All three propositions are complex factual propositions on which there may be reasonable disagreement between experts. What happens if the panel uses majority voting as its aggregation procedure? Suppose, as an illustration, that the experts’ individual judgments are as shown in Table 2.

Table 2: A majoritarian inconsistency

‘p’ / ‘if p then q’ / ‘q’
Individual 1 / True / True / True
Individual 2 / True / False / False
Individual 3 / False / True / False
Majority / True / True / False

Then a majority of experts judges ‘p’ to be true, a majority judges ‘if p then q’ to be true, and yet a majority judges ‘q’ to be false. The set of propositions accepted by a majority – ‘p’, ‘if p then q’, and ‘not q’ – is incoherent in two senses here. First, it violates consistency, defined as the requirement that it must be possible for the propositions in the set to be simultaneously true.

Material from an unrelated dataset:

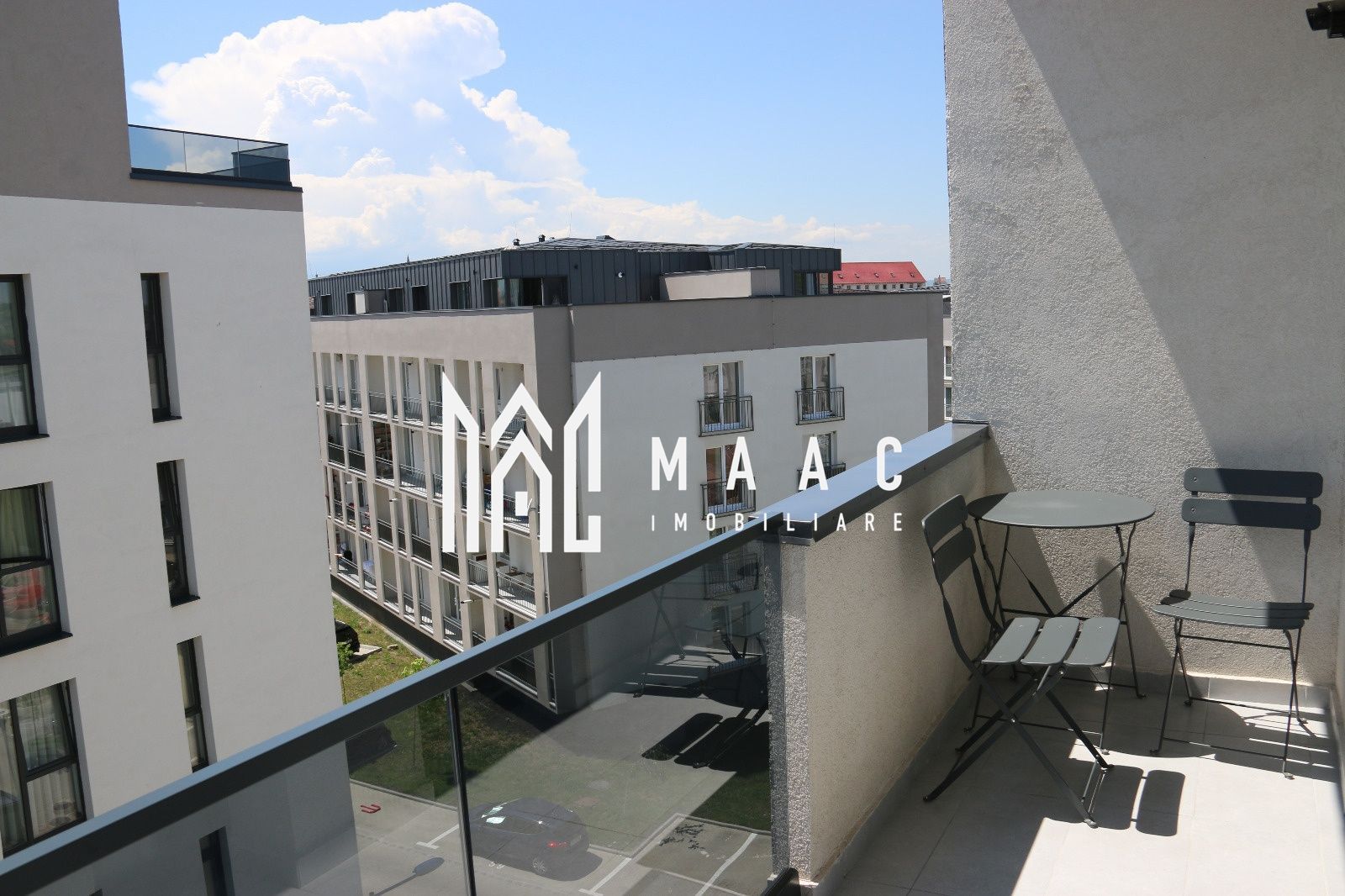 Apartament 2 camere de închiriat | Sibiu | City Residence - Poză 4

And second, it fails to be deductively closed, where deductive closure is the requirement that, if the set of accepted propositions entails another proposition that is also on the agenda, then that other proposition should be accepted as well. In the present example, although ‘p’ and ‘if p then q’, which are both collectively accepted, logically entail ‘q’, the latter proposition is not accepted. Clearly, the expert panel fails to meet the coherence challenge in this example.

The second example to be presented is a historical one, reported by Elster (2007, pp. 410-411), concerning the debates in the French Constituent Assembly of 1789 on whether the country should introduce a bicameral or a unicameral system.[6] In very simplified terms, the members of the Assembly had to make judgments on three propositions (and their negations):

‘p’: It is desirable to stabilize the regime.

‘q’: Bicameralism (as opposed to unicameralism) will stabilize the regime.

‘r’: It is desirable to introduce bicameralism (as opposed to unicameralism).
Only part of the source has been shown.